C’est devenu une tradition : chaque année au mois de novembre, l’opération « Lisez-vous le belge ? » met en lumière les livres belges francophones à travers celleux qui les font et celleux qui les lisent.

Partenaires de cette grande opération, Passa Porta propose cette année d’interroger la destinée de la littérature belge à l’étranger. S’exporte-t-elle bien ? Quelle réputation pour quel succès ? Et surtout : quel.el.s auteur.ices belges ont la cote en traduction en ce moment ?

Nous avons posé la question à des traducteurices professionnel.le.s qui sont la voix de livres belges à l’étranger. Trois traductrices et un traducteur résident.e.s récent.e.s de « Seneffe en août », notre résidence annuelle estivale d’écriture et de traduction.
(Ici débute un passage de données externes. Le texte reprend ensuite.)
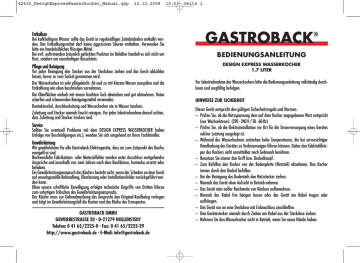 Gastroback 42415 Bedienungsanleitung | Manualzz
Un cadre inspirant et une retraite dans laquelle des traductrices et traducteurs des quatre coins du monde peuvent venir écrire. Pourvu qu’iels travaillent sur un titre d’un.e auteurice belge francophone. Nous avons demandé à quatre d’entre elleux de nous parler du livre belge qu’iels choisiraient entre tous.

Lisez-vous le belge à l’étranger ? Voici leurs réponses. Venues de Porto Alegre, Varsovie, Rio et Madrid.

Le choix de Katarzyna Marczewska : Congo Inc. De In Koli Jean Bofane (Actes Sud, 2014).

« Depuis je ne sais plus combien d’années, je suis abonnée au Carnet et les instants et je lis régulièrement tout ce qu’on y publie sur les nouveautés littéraires belges. Un jour, j’y ai lu un article sur Congo Inc. de In Koli Jean Bofane. Je terminais la traduction de L’Afrique fantôme de Michel Leiris, j’ai pensé au Coeur des ténèbres de Joseph Conrad, au journal de Gide, j’ai commandé le livre – et j’ai su que je voulais le traduire. Congo Inc. montre un tableau du « coeur des ténèbres » à l'époque de la mondialisation. C’est une sorte de Bildungsroman dont le héros est un Pygmée qui quitte la forêt natale pour tenter sa chance à Kinshasa, où il rêve de faire du business. À travers ses aventures, nous rencontrons des enfants de rue, d'ex-rebelles, des réfugiés, des soldats de l'ONU, des anthropologues, des hommes d'affaires chinois. Et leurs vies, leurs trajets individuels dessinent l'histoire du Congo écrite non pas par un Occidental, mais par quelqu’un qui la voit de l’intérieur, car l’auteur est né au Congo, encore belge à l’époque. C’est un livre équivoque où les victimes deviennent des bourreaux à leur tour, un livre cruel où la vertu n'est pas récompensée, un livre qui ne laisse pas d’illusions sur le sort des héros – seul l'humour de l'auteur peut sauver le lecteur du désespoir. Mais cet humour, et l'action qui prend tout le temps des tours imprévisibles, font lire ce roman d'un seul trait. Il paraîtra en Pologne en décembre.”

Katarzyna Marczewska
Varsovie, octobre 2023

Katarzyna Marczewska (Pologne) était cette année en résidence à « Seneffe en août » pour écrire sa traduction de Moi qui n’ai pas connu les hommes de Jacqueline Harpman (Stock/Livre de Poche).